We need bicycle control! Background checks for all bicycle purchases, all bicycle owners will be registered at the time of purchase and will need an operator's permit for any bicycle that has more than one gear. Said permit to be issued by the NYPD after the bicycle owner completes a safe bicycling course and is certified by the instructor, who has also been certified by the NYPD. There will be no private sales of bicycles of more than one gear without background checks and bicycles of more than 3 gears will only be sold by federally licensed bicycle dealers. Recumbent bicycles will be banned because they can't be seen in traffic.

There is no Constitutional amendment dealing with bicycles. Joy!

Michael said...

Lots of Marfia in the ready mix business in NYC. Be careful who you sue.

Richard said...

Jay Vogt said...
As a cyclist, you have to be on defense 100% of the time. A friend of mine likens it to a video game; think of it as deadly threats are coming at you from every direction, at unpredictable times in unknown forms. You run up the score by avoiding being killed by them.

frogger

Narayanan said...

Irregardless...."
Not a word.
"Regardless," yes.
"Irrespective," yes.
"Irregardless," NO.

I always translate
Irregardless As regardmore or do not ignore.

What say you then?


Original Mike said...

Blogger RK said..."If you drive on the UW-Madison campus like I do, you'll notice the pedestrians have earbuds in and are often looking at their phones as the cross the street. The bicyclists are a little better, but not much."

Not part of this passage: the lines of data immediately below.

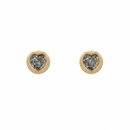 Brinco Redondo com Coração Zircônia Banho de Ouro 18k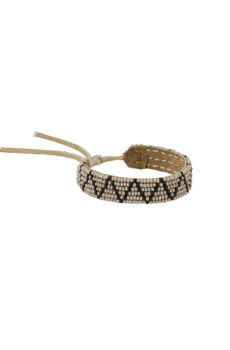 suede beaded bracelet in taupe and black, zigzag pattern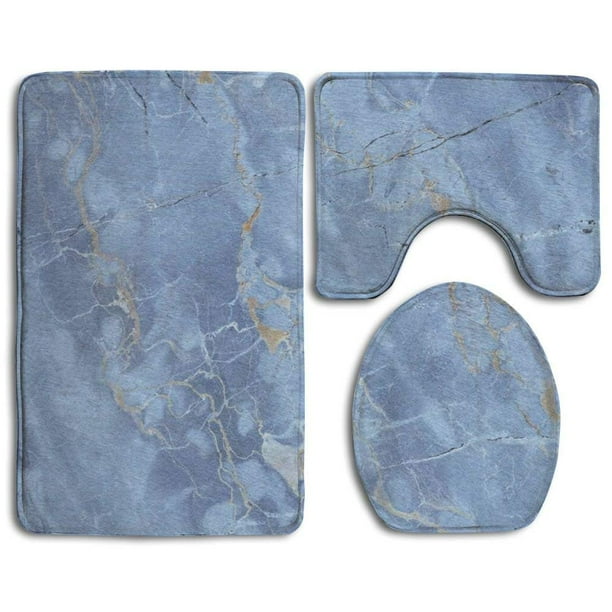 PUDMAD Blue Grey Marble 3 Piece Bathroom Rugs Set Bath Rug Contour Mat
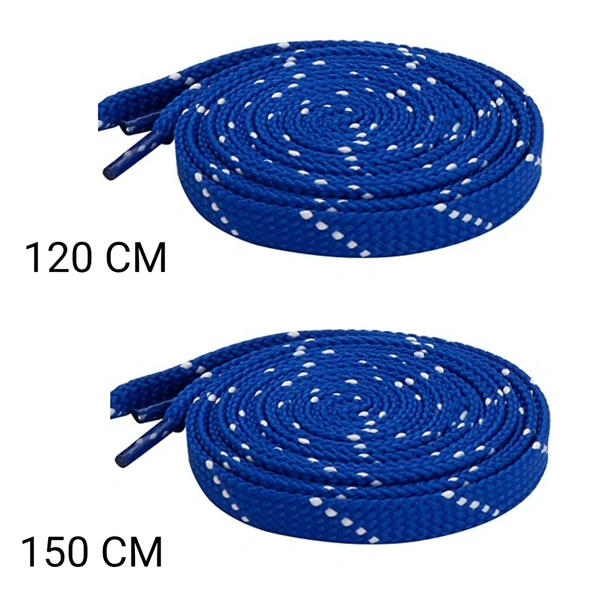 GRAH SANGRAH® 2 Pair | 1 Pair 120 CM | 1 Pair 150 CM| Flat, Sport or Gym Sneaker Shoelace - 120 or 150 CM, Blue White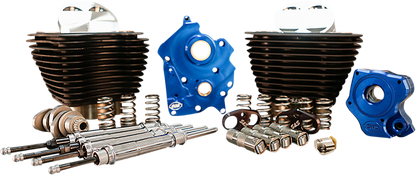 S&S CYCLE 128" Power Package Engine Performance Kit - Chain Drive - Wrinkle Black with Non-Highlighted Fins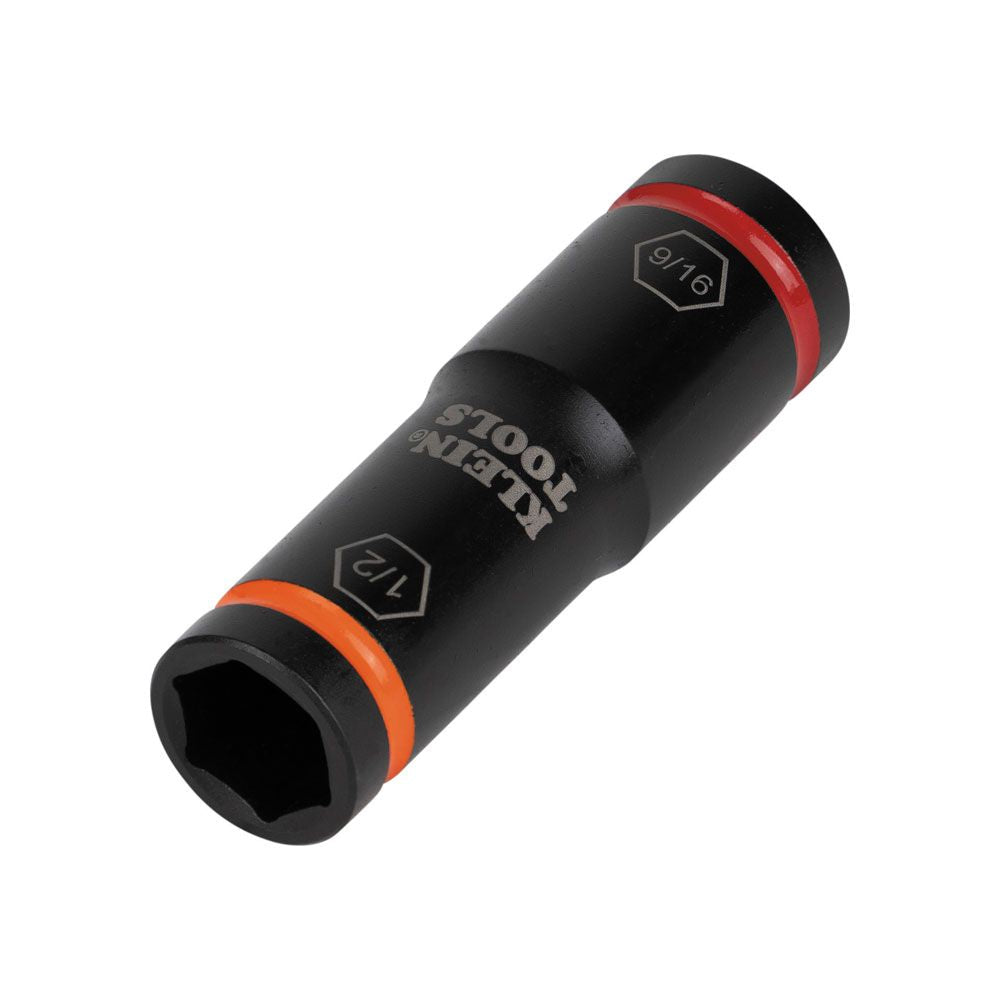 Klein Tools 66076 Flip Impact Socket, 9/16 and 1/2-Inch - Edmondson Supply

Yeah, I had a student-age guy step right in front of my car on Regent St last week. Earbuds, head buried in his phone. He never even noticed me as I stood on my brakes.

I simply don't understand this behavior.

Big Mike said...

I simply don't understand this behavior.

Go read up on the character of Jordan Baker in The Great Gatsby. Here's the key conversation between Jordan and Nick Carraway:

You're a rotten driver," I protested. "Either you ought to be more careful or you oughtn't to drive at all."

"I am careful."

"No, you're not."

"Well, other people are," she said lightly.

"What's that got to do with it?"

"They'll keep out of my way," she insisted. "It takes two to make an accident."

"Suppose you met somebody just as careless as yourself."

"I hope I never will," she answered. "I hate careless people. That's why I like you.


An entitled UW-Mad undergrad clearly feels nearly as entitled as Jordan, not to mention Tom and Daisy.

I Callahan said...

I don't own an auto or have a driver's license. I owned a car for one three-year period of my life, until I escaped Florida and made it to civilization

Civilization my ass. NYC is a town where people purposely walk in front of moving traffic and expect it to stop for them. It’s the town where people walk into and don’t even say excuse me. Having been there enough times to have witnessed this 100 times.

It had a chance for civilization, but instead voted in a communist mayor after 16 years of relative stability.

I don’t think that word means what you think it means.

n.n said...

NYC is a town where people purposely walk in front of moving traffic and expect it to stop for them.

Liberal license. Some are more divergent than others.

chuck said...

> NYC is a town where people purposely walk in front of moving traffic and expect it to stop for them.

When I was there you could count on the traffic not stopping. That made it predictable and I could safely jaywalk mid-block through the traffic. Thought everyone did that...

Matt said...

Mark said...
Here in Arlington, a favorite activity of bicyclists is riding in between the lanes of traffic, in addition to the usual ignoring of red lights, claiming pedestrian status and zooming into crosswalks before turning motorists can see them coming, and having a general entitlement attitude the is encouraged by the anti-car County regime.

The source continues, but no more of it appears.